Directions: Look through the listing below for the line with "Forté Pharma Hydra" and the line with "1971 Cadillac Look". Copy both, along with every line between them, exactly and with no pictures.

Excerpted data:

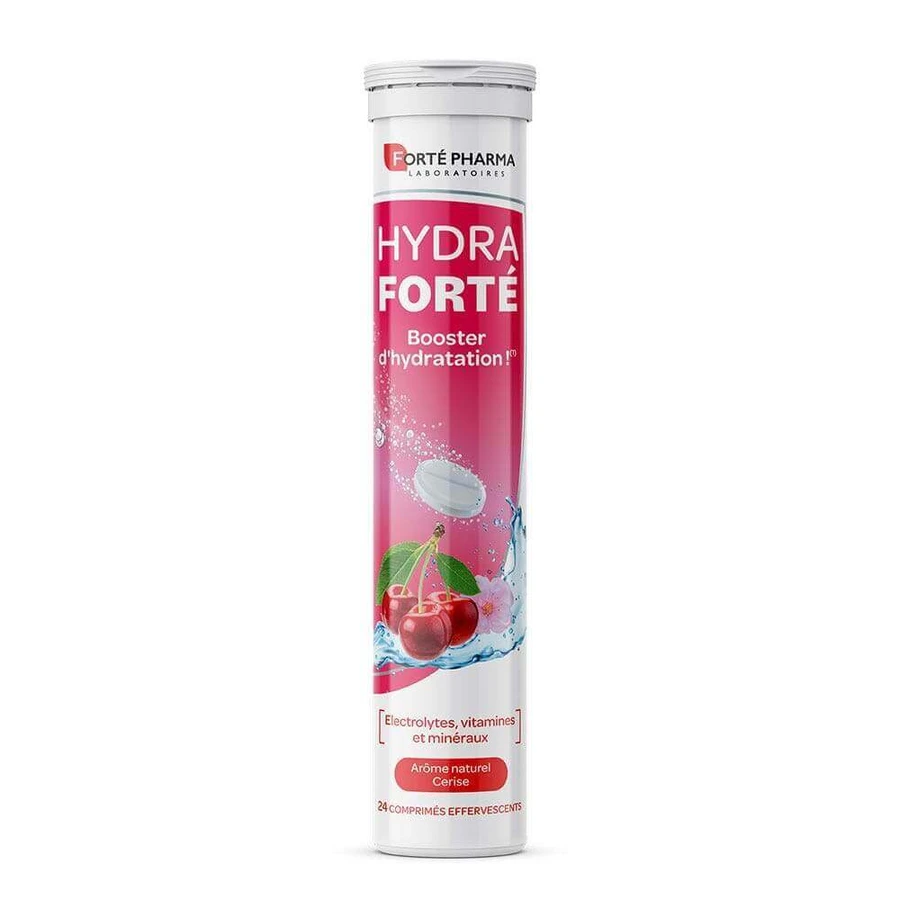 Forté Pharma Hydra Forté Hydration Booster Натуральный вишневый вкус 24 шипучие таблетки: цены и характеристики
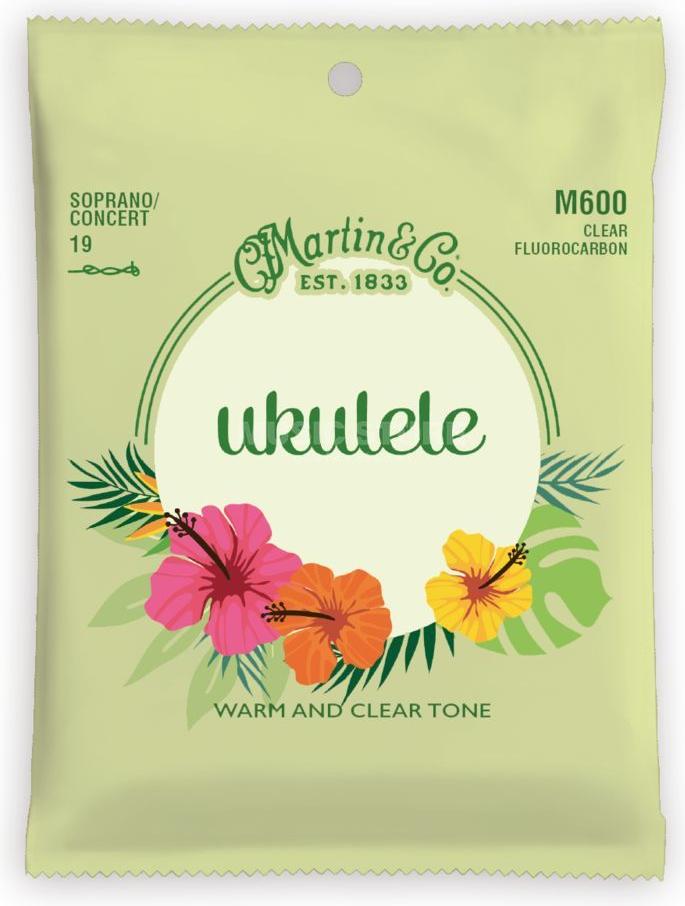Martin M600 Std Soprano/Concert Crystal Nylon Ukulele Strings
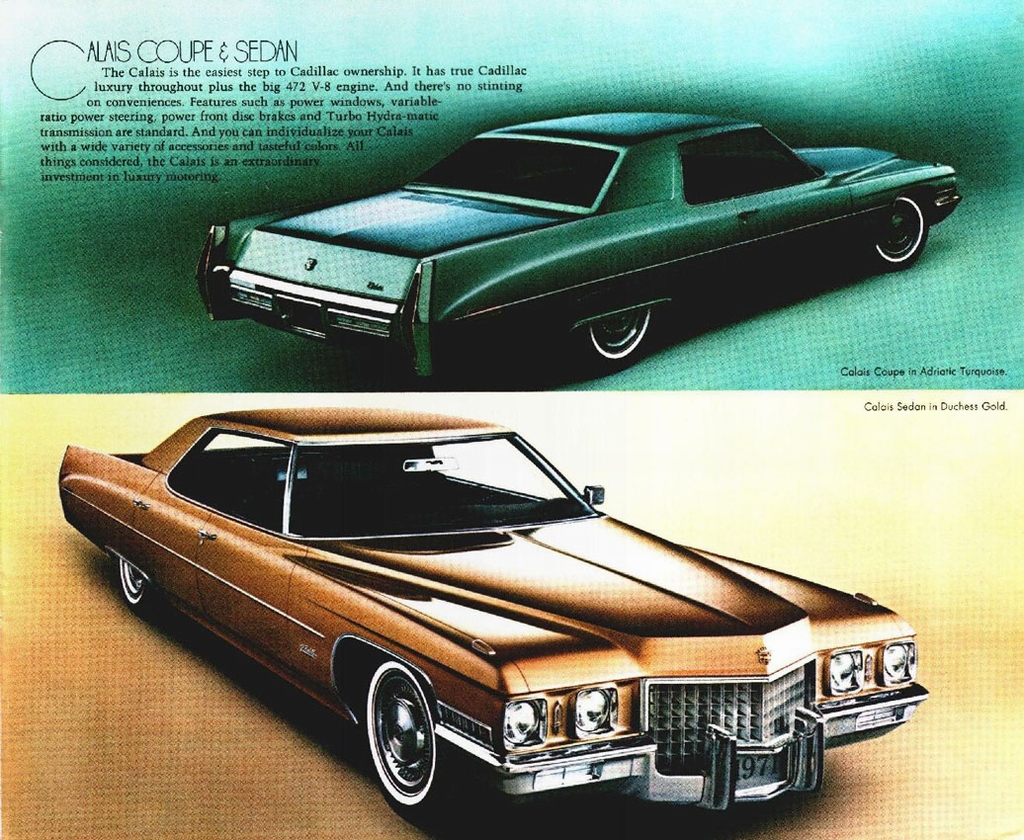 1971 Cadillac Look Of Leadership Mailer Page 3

---

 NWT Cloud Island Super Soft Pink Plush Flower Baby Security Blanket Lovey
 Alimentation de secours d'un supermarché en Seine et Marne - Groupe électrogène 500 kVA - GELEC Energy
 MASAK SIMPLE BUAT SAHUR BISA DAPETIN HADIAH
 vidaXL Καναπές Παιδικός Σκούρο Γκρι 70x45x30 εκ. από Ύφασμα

Exercise output:
 Forté Pharma Hydra Forté Hydration Booster Натуральный вишневый вкус 24 шипучие таблетки: цены и характеристики
Martin M600 Std Soprano/Concert Crystal Nylon Ukulele Strings
 1971 Cadillac Look Of Leadership Mailer Page 3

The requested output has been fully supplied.